==== Information supplied

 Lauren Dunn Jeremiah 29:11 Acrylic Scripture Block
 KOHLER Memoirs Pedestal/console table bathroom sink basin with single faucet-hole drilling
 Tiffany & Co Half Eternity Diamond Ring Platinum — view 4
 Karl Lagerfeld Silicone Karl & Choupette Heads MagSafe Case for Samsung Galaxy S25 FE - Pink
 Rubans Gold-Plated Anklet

========
==== Information supplied

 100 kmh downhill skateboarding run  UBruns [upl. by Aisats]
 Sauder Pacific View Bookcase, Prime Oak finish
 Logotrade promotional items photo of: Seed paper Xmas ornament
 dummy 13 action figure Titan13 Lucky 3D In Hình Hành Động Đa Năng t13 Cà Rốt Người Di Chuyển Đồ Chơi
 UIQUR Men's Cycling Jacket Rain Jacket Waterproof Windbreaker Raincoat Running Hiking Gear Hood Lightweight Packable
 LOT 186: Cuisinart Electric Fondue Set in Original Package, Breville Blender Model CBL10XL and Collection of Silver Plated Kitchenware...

========
==== Information supplied

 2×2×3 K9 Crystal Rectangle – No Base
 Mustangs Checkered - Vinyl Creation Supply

========

◆ What the task asks: Find every line in the records above that contains the word "Plated", and copy each one.

◆ Response:
 Rubans Gold-Plated Anklet
 LOT 186: Cuisinart Electric Fondue Set in Original Package, Breville Blender Model CBL10XL and Collection of Silver Plated Kitchenware...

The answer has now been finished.